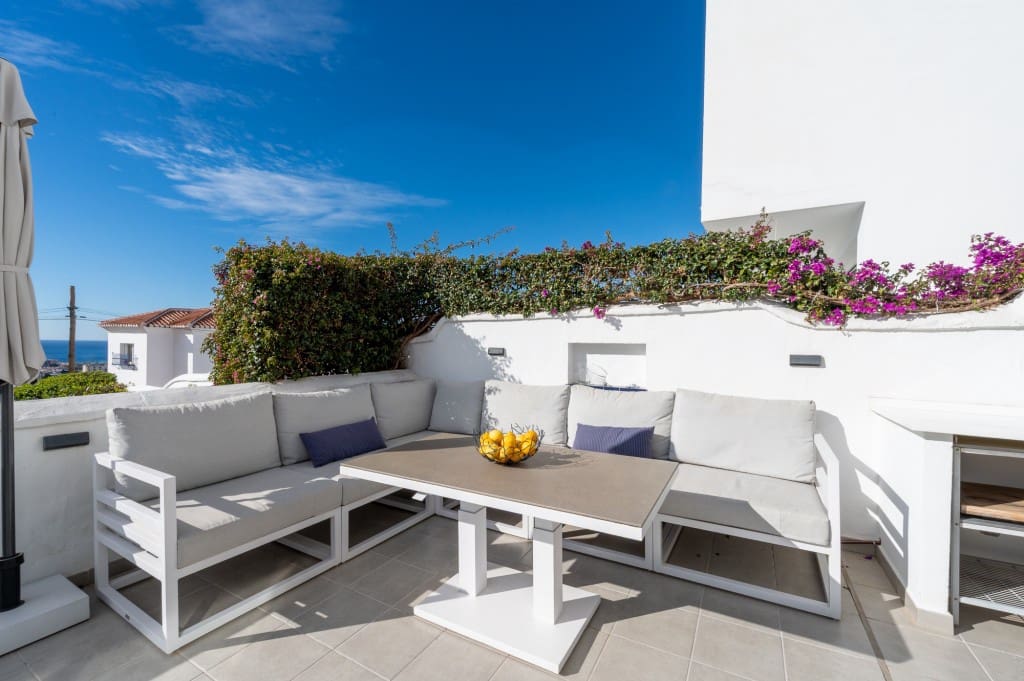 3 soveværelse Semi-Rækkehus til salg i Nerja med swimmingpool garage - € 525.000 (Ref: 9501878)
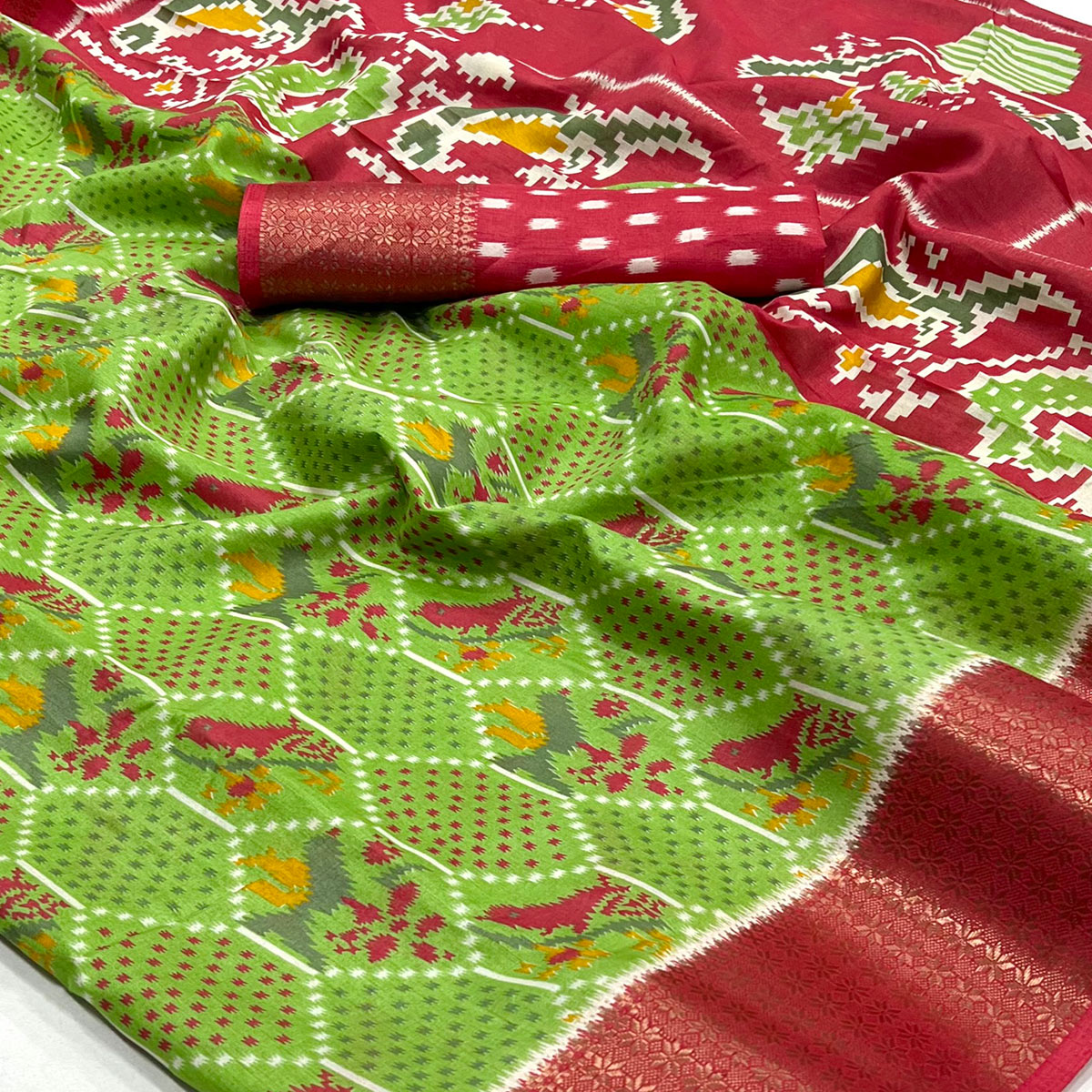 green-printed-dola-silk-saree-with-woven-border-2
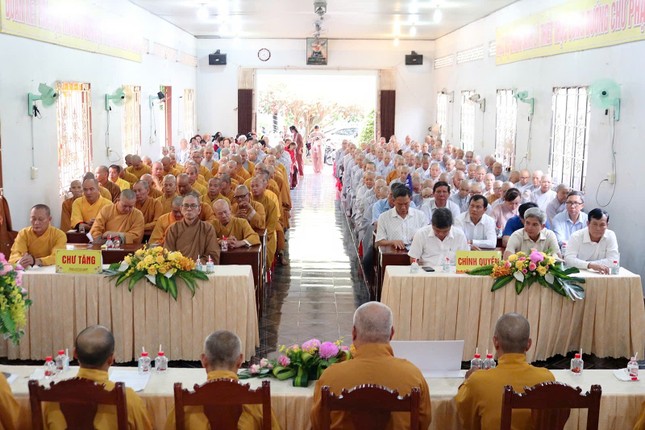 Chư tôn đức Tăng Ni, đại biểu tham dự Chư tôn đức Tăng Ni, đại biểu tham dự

# # # # # # #

Print, exactly and only, the lines running from the line with "green-printed-dola-silk-saree-with-woven-border-2" through the last line of the data, including both. Skip any picture.

 green-printed-dola-silk-saree-with-woven-border-2
 Chư tôn đức Tăng Ni, đại biểu tham dự Chư tôn đức Tăng Ni, đại biểu tham dự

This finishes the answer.